Nach Auffassung des BHG handelt es sich im Hinblick auf das Verfahren im Zusammenhang mit der Umsatzsteuervoranmeldung und der Umsatzsteuerjahreserklärung steuerrechtlich um zwei selbstständige Verfahren. Die Umsatzsteuerfestsetzung aufgrund der Umsatzsteuerjahreserklärung hebt die die Steuerfestsetzung für die Voranmeldungszeiträume damit grundsätzlich nicht auf und trifft insbesondere keine Aussagen über deren materielle Richtigkeit.
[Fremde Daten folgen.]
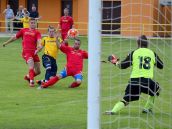 Futbal, 8. liga A: Za Špačince skóroval aj brankár, Opoj porazil Vlčkovce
Daraus folgt für das steuerstrafrechtliche Verfahren, dass

  • sich der mit der Nichtabgabe von Umsatzsteuervoranmeldungen verbundene Hinterziehungsschaden nicht im Zinsverlust des Fiskus erschöpft,
  • die Pflichtverletzungen durch die Abgabe einer fehlerhaften Umsatzsteuervoranmeldung zwar lediglich zu einer Steuerverkürzung „auf Zeit“ führt, sich die Höhe der tatbestandlichen Steuerverkürzung allerdings nicht mindert,
  • die geschuldete Umsatzsteuer bereits dann verkürzt ist, wenn sie nicht rechtzeitig festgesetzt worden ist,
  • die Umsatzsteuerhinterziehung „auf Zeit“ und „auf Dauer“ sich nicht im Erfolgsunrecht, sondern nur in ihrem Handlungsunrecht unterscheiden und
  • die spätere Berichtigung der fehlerhaften Umsatzsteuerfestsetzung kann, sofern die Voraussetzungen der strafbefreienden Selbstanzeige gegeben sind, im Rahmen der Strafzumessung als Schadenswiedergutmachung berücksichtigt werden.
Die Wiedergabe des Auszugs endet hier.